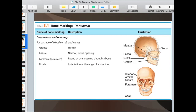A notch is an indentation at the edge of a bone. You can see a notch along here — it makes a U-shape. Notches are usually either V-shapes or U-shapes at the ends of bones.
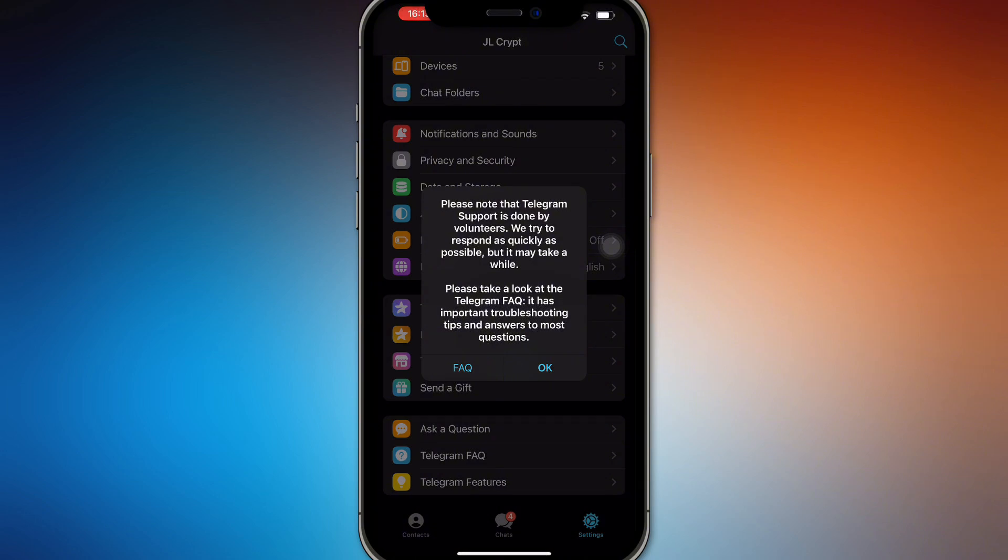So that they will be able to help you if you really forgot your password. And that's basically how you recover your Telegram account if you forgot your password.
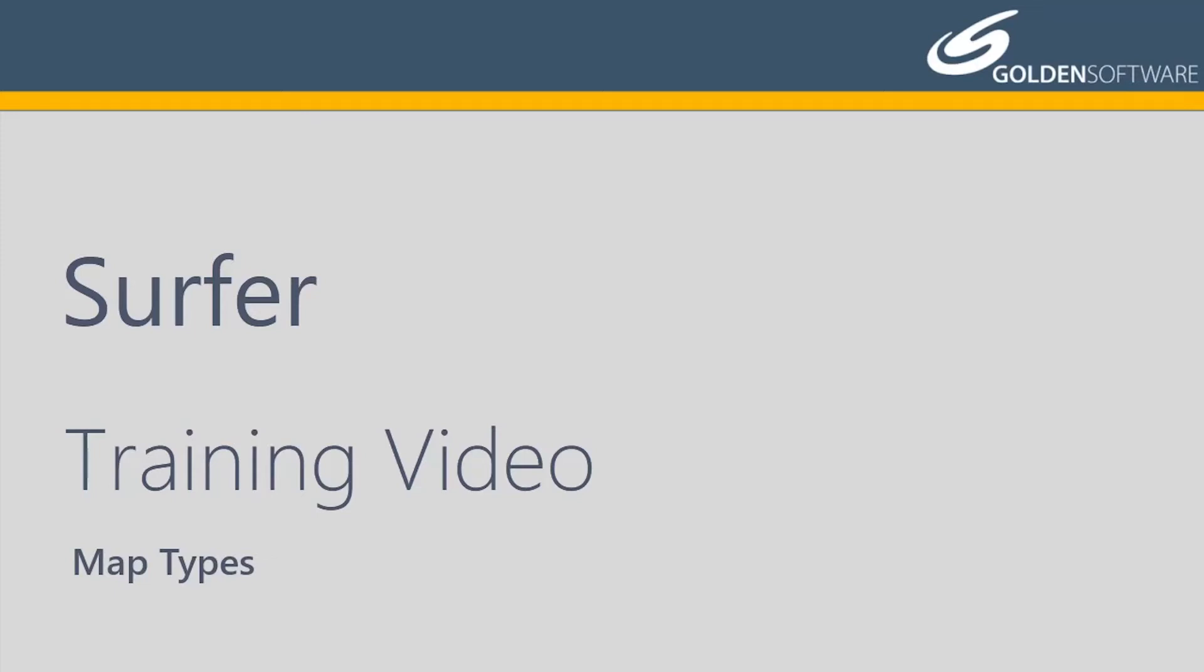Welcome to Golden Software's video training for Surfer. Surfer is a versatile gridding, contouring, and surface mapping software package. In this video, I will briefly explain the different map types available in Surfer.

========================================

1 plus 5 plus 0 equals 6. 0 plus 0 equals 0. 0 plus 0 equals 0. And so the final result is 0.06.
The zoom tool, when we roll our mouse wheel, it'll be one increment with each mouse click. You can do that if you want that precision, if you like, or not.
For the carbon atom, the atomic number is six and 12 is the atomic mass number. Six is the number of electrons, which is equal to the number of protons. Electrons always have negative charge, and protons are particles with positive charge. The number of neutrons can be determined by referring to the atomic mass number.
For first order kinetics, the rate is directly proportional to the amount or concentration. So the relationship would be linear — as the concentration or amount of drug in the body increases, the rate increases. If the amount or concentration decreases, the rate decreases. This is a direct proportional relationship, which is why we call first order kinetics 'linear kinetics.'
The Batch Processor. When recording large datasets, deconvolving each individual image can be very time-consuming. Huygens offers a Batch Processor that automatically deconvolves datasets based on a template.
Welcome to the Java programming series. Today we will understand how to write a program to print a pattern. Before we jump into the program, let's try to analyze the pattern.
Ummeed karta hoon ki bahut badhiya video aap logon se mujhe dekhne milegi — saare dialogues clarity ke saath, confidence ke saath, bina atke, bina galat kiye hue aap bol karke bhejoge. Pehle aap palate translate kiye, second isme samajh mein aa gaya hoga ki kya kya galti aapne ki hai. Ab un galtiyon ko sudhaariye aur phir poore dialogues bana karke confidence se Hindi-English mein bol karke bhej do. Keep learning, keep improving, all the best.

========================================

■ **PROBLEM**
Beginning with the line that has "The zoom tool, when" and ending with the line that has "For the carbon", set down the lines above exactly and include no others.

■ **RESPONSE BELOW**
The zoom tool, when we roll our mouse wheel, it'll be one increment with each mouse click. You can do that if you want that precision, if you like, or not.
For the carbon atom, the atomic number is six and 12 is the atomic mass number. Six is the number of electrons, which is equal to the number of protons. Electrons always have negative charge, and protons are particles with positive charge. The number of neutrons can be determined by referring to the atomic mass number.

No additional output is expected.